§ PROMPT:
When you reach the line that contains "RiteAV 3.5mm CAT6", give it back exactly along with each line after it to the end of the entries; skip any pictures.

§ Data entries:

● ● ● ● ●

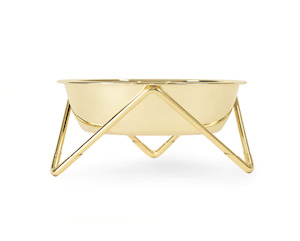 Luxe Meow Cat Bowl - Gold/Gold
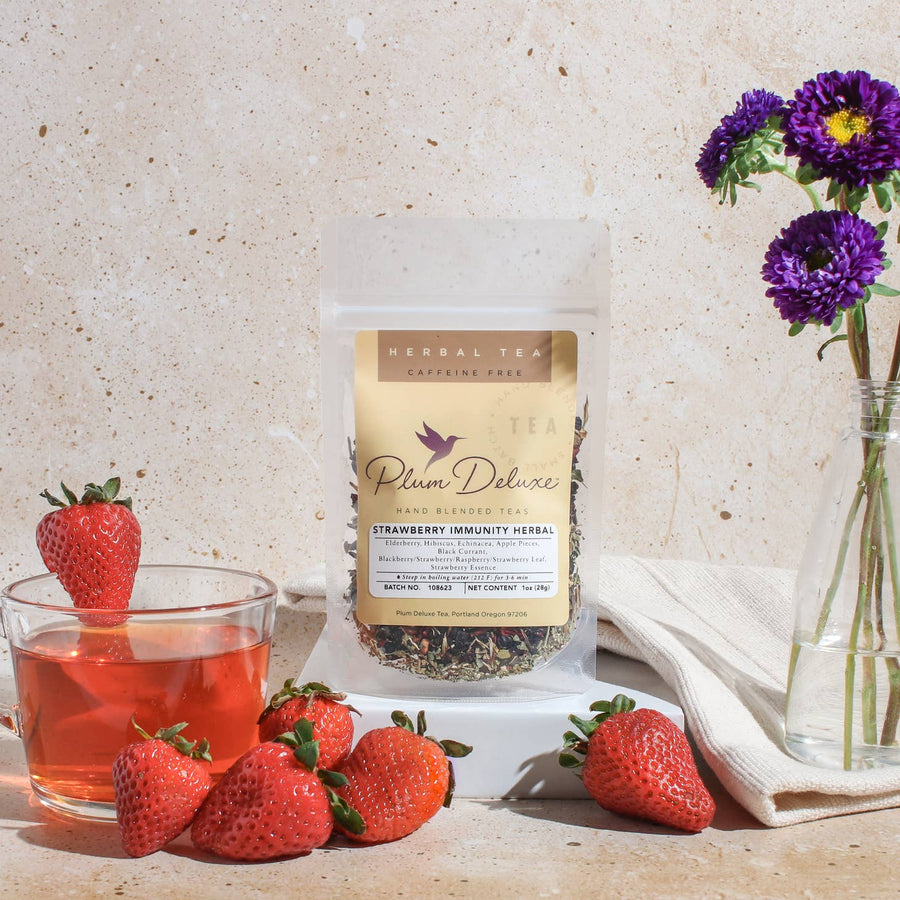 Plum Deluxe Tea Self Care Apricot Elderberry Herbal Tea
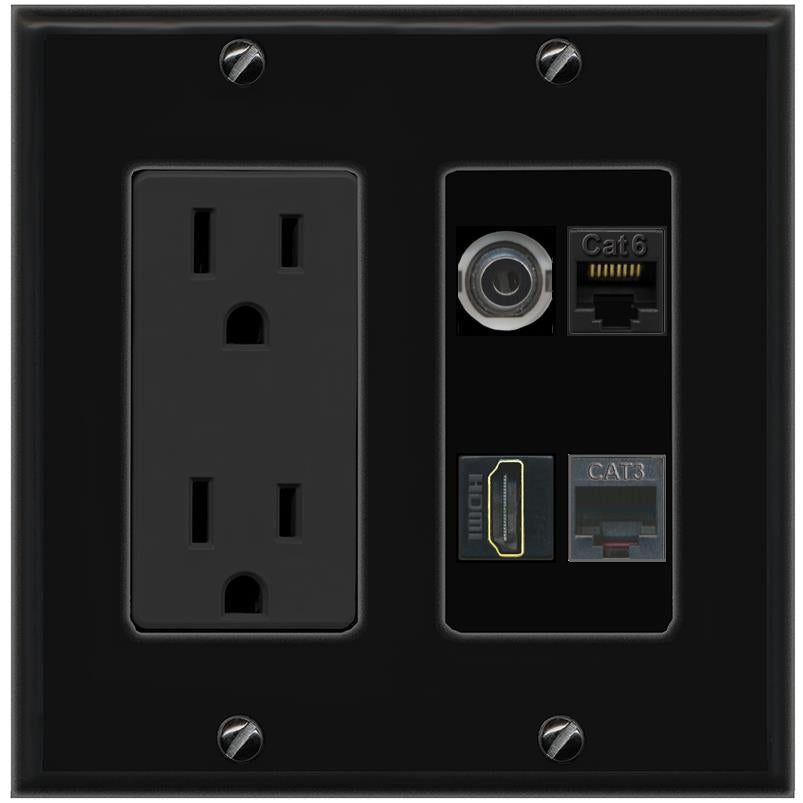 RiteAV 3.5mm CAT6 HDMI PHONE Wall Plate with 15A Power Outlet [Black]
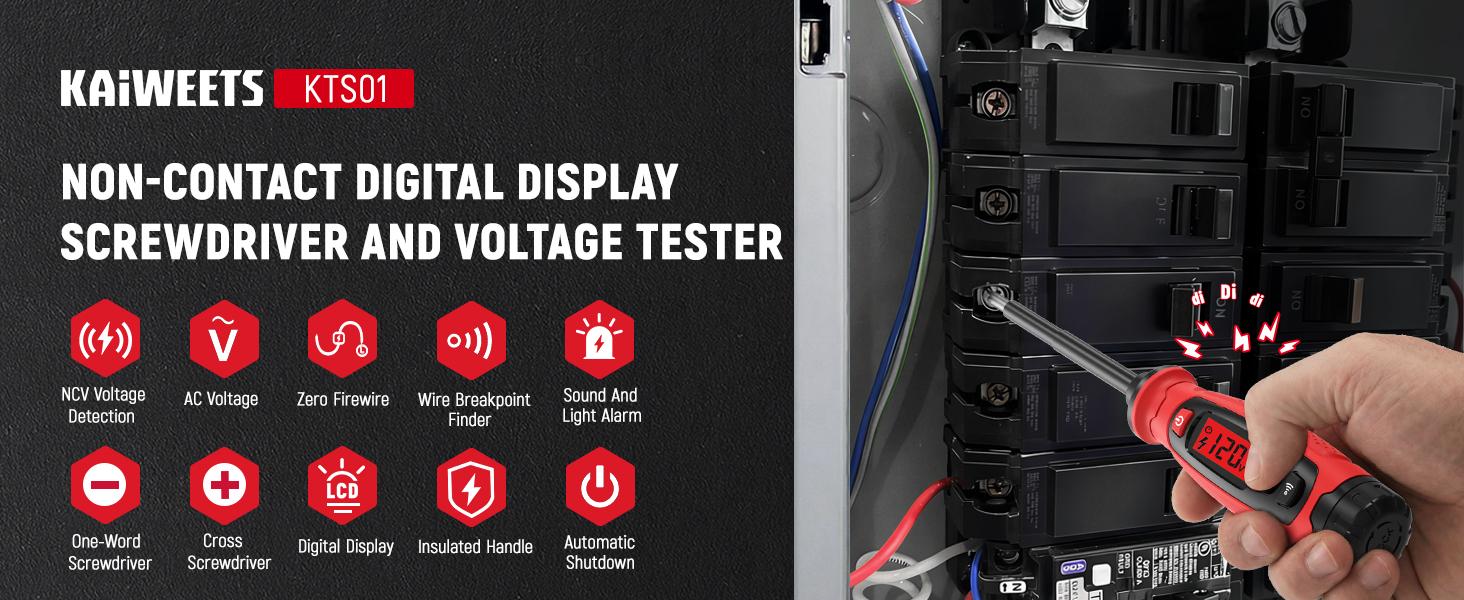【FathersDayGift】KAIWEETS KTS01/02 Voltage Tester, Non-Contact Low Voltage Tester Screwdriver, AC 3V-500V With LCD Alert Display, Live Wire Tester, Wire Breakpoint Finder, Audible Alarm, Portable Electrical Circuit Detector Tool for Home, For DIY, Safety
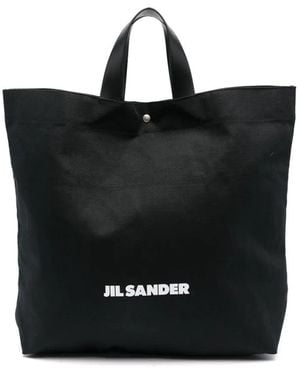 Jil Sander キャンバス ハンドバッグ - ブラック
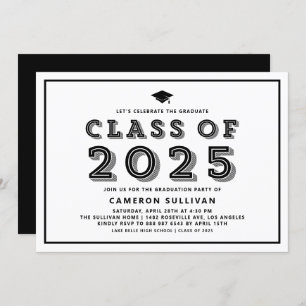 Black Class of 2025 Cap Retro Graduation Invitation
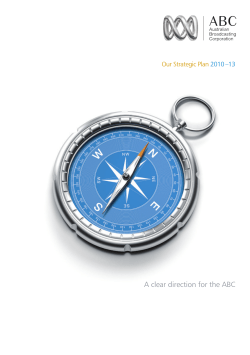 A clear direction for the ABC Our Strategic Plan 2010 –13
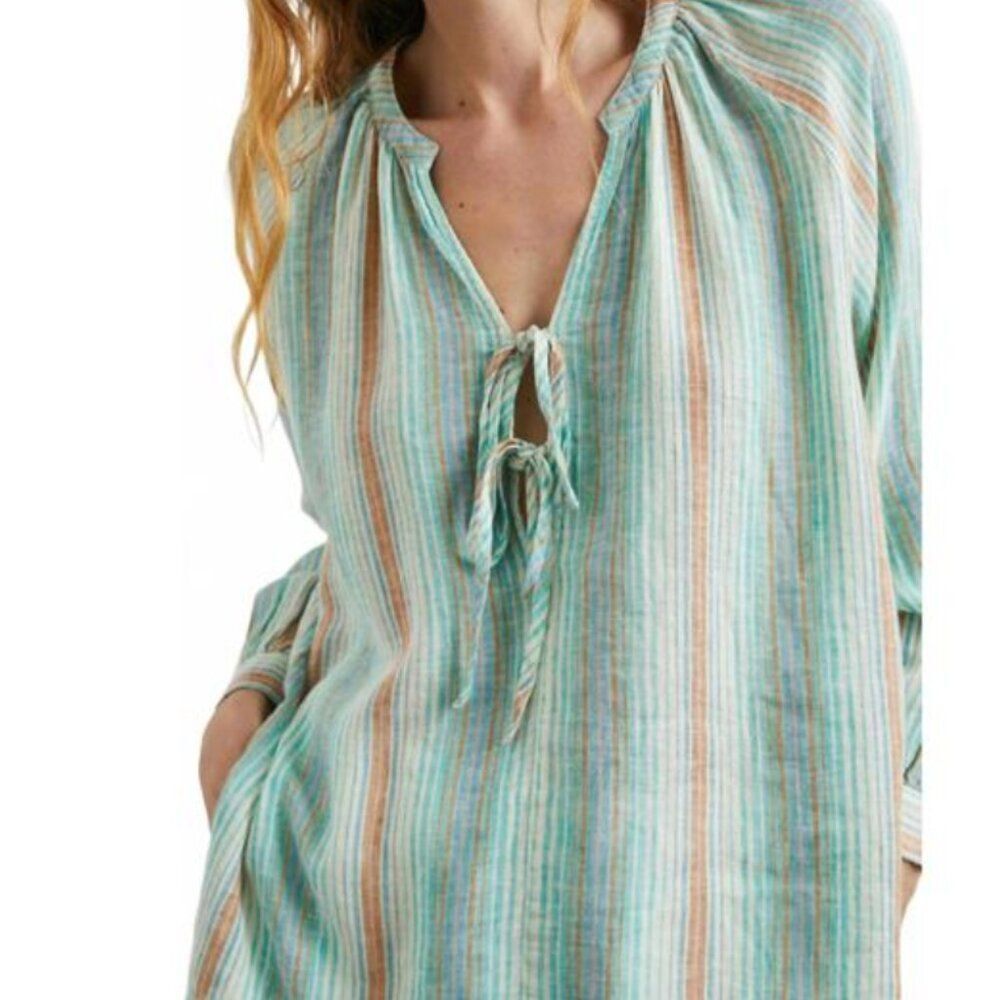 Rails Brielle Linen Blend Striped Peasant Blouse Top Seaview Stripe Size Small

● ● ● ● ●

§ RESULT BELOW:
 RiteAV 3.5mm CAT6 HDMI PHONE Wall Plate with 15A Power Outlet [Black]
【FathersDayGift】KAIWEETS KTS01/02 Voltage Tester, Non-Contact Low Voltage Tester Screwdriver, AC 3V-500V With LCD Alert Display, Live Wire Tester, Wire Breakpoint Finder, Audible Alarm, Portable Electrical Circuit Detector Tool for Home, For DIY, Safety
 Jil Sander キャンバス ハンドバッグ - ブラック
 Black Class of 2025 Cap Retro Graduation Invitation
 A clear direction for the ABC Our Strategic Plan 2010 –13
 Rails Brielle Linen Blend Striped Peasant Blouse Top Seaview Stripe Size Small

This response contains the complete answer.